Ürdün sınırında kaçakçılarla meydana gelen çatışmada bir subay yaşamını yitirdi

Ürdün-Suriye sınırındaki Cabir Sınır Kapısı’ndaki kontroller uzun süredir sıkılaştırılmış durumda. (Getty)
Ürdün-Suriye sınırındaki Cabir Sınır Kapısı’ndaki kontroller uzun süredir sıkılaştırılmış durumda. (Getty)

Ürdün’ün kuzeydoğu sınırında meydana gelen çatışmada Ürdünlü bir subay öldü, üç kişi de yaralandı.

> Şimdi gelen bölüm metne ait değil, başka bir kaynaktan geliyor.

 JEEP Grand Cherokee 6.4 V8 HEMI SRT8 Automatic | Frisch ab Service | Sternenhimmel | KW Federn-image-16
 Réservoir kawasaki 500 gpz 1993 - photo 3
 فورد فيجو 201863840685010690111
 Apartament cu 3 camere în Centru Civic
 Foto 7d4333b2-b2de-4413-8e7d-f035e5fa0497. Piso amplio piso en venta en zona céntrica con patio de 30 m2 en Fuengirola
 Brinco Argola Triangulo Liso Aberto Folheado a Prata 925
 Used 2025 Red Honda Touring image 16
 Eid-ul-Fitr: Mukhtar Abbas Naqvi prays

 Silahlı Kuvvetleri Genel Komutanlığı'ndan resmi bir kaynağın Şarku’l Avsat’a verdiği bilgilere göre ülkenin kuzeydoğu sınırında sabah saatlerinde bir grup kaçakçı sınır muhafız güçlerine ateş açtı. Askerlerin ateşle karşılık vermesinin üzerine kaçakçılar Suriye tarafına kaçtı.
Kaynak, yüzbaşı Muhammed Yasin Musa el-Hudayrat'ın yaşamını yitirdiği bilgisini verdiği açıklamasında yaralanan 3 kişinin Kral Talal  Askeri Hastanesi’ne kaldırıldığını, bölgede yürütülen arama tarama faaliyetlerinde çok miktarda uyuşturucu madde ele geçirildiği kaydetti.
Kaynak ayrıca Ürdün silahlı kuvvetlerinin, sınırları korumak ve ülkenin güvenliğini hedef almaya çalışanları engellemek için sızma ve kaçakçılık girişimleirne karşı tüm gücü ve kararlılığıyla mücadele ettiğini vurguladı.
İstihbarat bilgilerine göre Ürdün sınırında, kuzeydoğu hattı boyunca çetelerin uyuşturucu ürettikleri noktaların ortaya çıkarılmasının ardından Suriye’nin güneyinde, uyuşturucu kaçakçılığı ile ilgili kriz hız kazandı.
Ürdünlü yetkililer, Körfez bölgesine ana sınır kapısından geçen Suriye kamyonlarında gizlenmiş büyük miktarlarda uyuşturucu ele geçirildiğini bildirdiler. Suriye'den uyuşturucu kaçakçılığı girişimlerinin geçtiğimiz yıl hız kazanmasıyla endişelerin arttığını bildirdiler.
Ürdün ordusu geçtiğimiz yıl sınır ötesinde çok miktarda uyuşturucu taşıyan bir insansız hava aracını (İHA) düşürdüğünü açıklamıştı. Uyuşturucu ve silah kaçakçılığı operasyonlarının yanı sıra terörist unsurların da ele geçirildiğine dair haberler Suriye sınırında güvenliğe yönelik endişeleri artırırken kaçakçılar düzenlenen her operasyonda Suriye’nin derinliklerine kaçmaya devam ediyor.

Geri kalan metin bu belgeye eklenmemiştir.